The Hawaiian town of Lahaina did not know what hit it in August 2023, when a wildfire cut a path of death and destruction from the center of the community to the Maui coastline, claiming 101 lives and destroying more than 2,200 structures. Colorado’s Marshall fire, sparked in December 2021, wrought similar destruction: driven by winds in excess of 100 mph, it traveled three miles within the hour it started and incinerated in excess of 1,000 homes. The 2018 California Camp Fire dwarfed them both, putting the torch to 16,000 homes and burning through nearly 52,000 acres on the day it started.
For all of the death and destruction and costs of rebuilding, the most worrisome metric concerning the blazes may involve not so much the scope of their damage but the flash-paper speed with which they and other wildfires have been spreading. And in the era of climate change, perhaps this intensely fast destruction should be the new marker of American megafires. Understanding these events in this way could better help society prepare for and prevent them.
That’s the conclusion of a new study published in Science, which used NASA satellite data to survey more than 66,000 wildfires in the U.S. from 2001 to 2020. The researchers determined that while only 1,616 of the fires, or 2.7%, met the standard of fast growth rate (FGR) fires—which the researchers defined as blazes that spread across 4,000 acres per day—they accounted for a whopping 78% of structures destroyed, 66% of fatalities, and 61% of suppression costs, or $18.9 billion.
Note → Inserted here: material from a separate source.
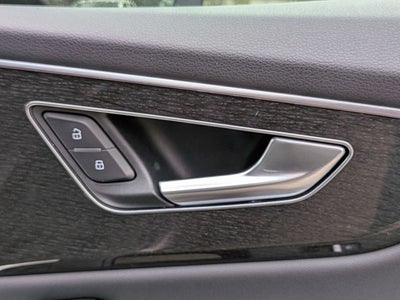 2020 Audi Q8 55 Premium Plus quattro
These fast-growing fires have increased in frequency by nearly 250% in the first 20 years of the 21st century, with California especially showing a jump of 398% in peak daily growth rate.
“The modern era of megafires is often defined based on wildfire size,” wrote Jennifer Balch, associate professor of geography at the University of Colorado, Boulder, and her colleagues in the new study, “but it should be defined based on how fast fires grow and their consequent societal impacts.” While large fires have a major effect on air quality, ecosystems, and the release of planet-warming carbon, it is fast fires that have the greatest impact on infrastructure damage, evacuation efforts and, ultimately, death tolls.
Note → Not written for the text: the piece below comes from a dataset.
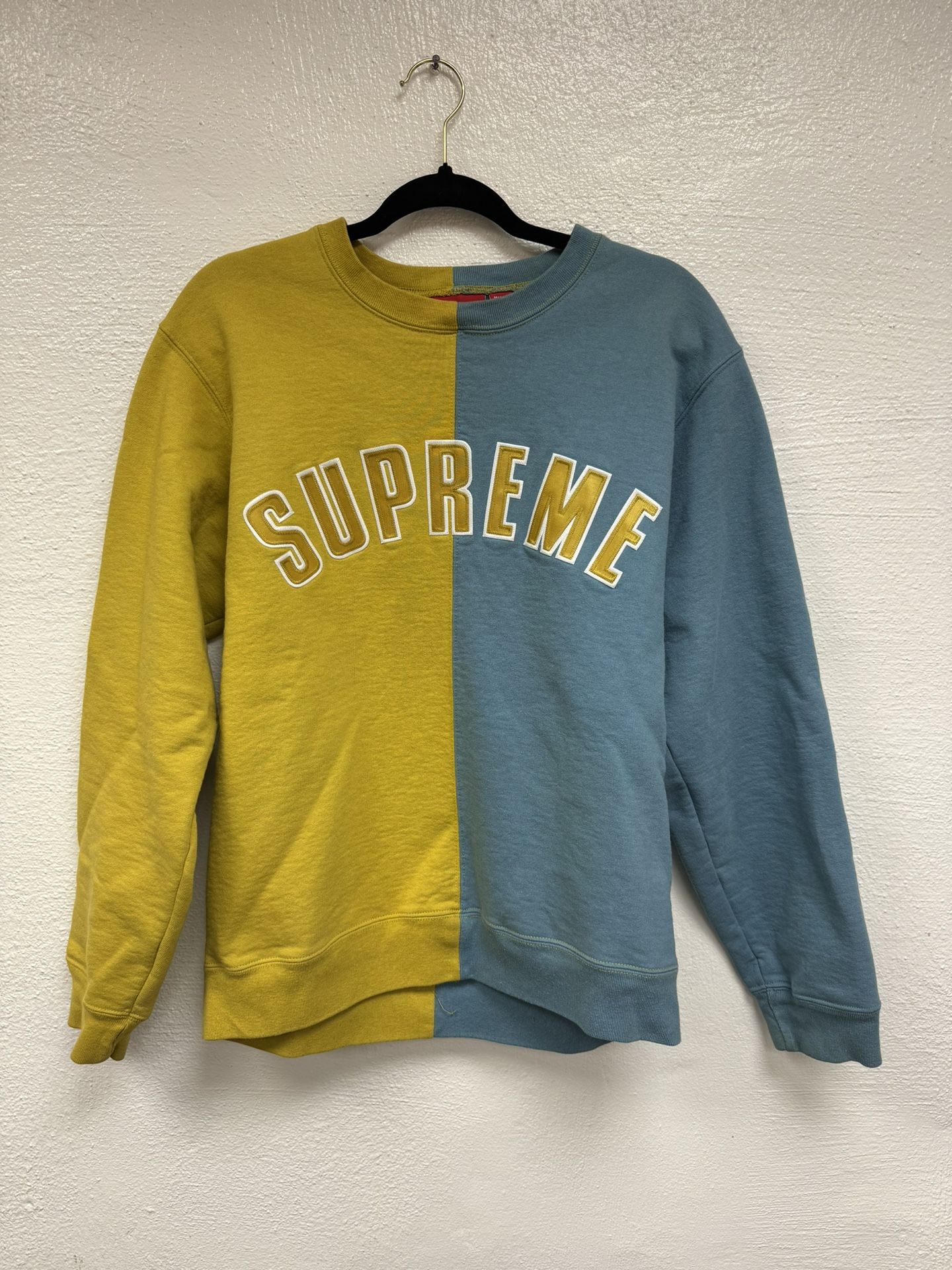 Supreme Split Logo crewneck Mustar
The data used in the study were gathered by a generation’s worth of observations conducted by the Moderate Resolution Imaging Spectroradiometer aboard NASA’s Earth-observing Terra and Aqua satellites. The blazes observed resulted in 337 fatalities, 5,623 injuries, and 925 emergency evacuation orders affecting more than 1.5 million households, half of which were within less than a mile of a FGR fire. A total of three million structures were within 2.5 miles of such a blaze.
As with so much other environmental upheaval, it is climate change that is fueling these fast fires. Hot, dry, and windy conditions are especially conducive to rapidly spreading wildfires. And, while there’s already been a significant increase in these deadly events, the authors cite climate models that project the number of such megafires will rise between 50% to 250% as the environment further heats up, dries out, and grows windier still. Grasslands especially provide “fine, flashy fuels,” that are particularly in peril of fast blazes, the study notes.
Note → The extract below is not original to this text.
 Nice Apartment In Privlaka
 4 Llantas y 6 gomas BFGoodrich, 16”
Preparing for fast fires requires some straightforward steps. The authors recommend changing building codes to incentivize the use of fire-resistant materials in structures; clearing flammable materials like brush and dry grass from the vicinity of structures; preemptively planning for emergency evacuations; and digging fuel-free firebreaks around communities.
“With warming temperatures increasing the likelihood of wildfires across the U.S.,” the researchers wrote, “we would expect to see more fast fire events in the future. Devastating and fast-moving wildfires…show that it is critical that we plan for the increasing pace of fires.”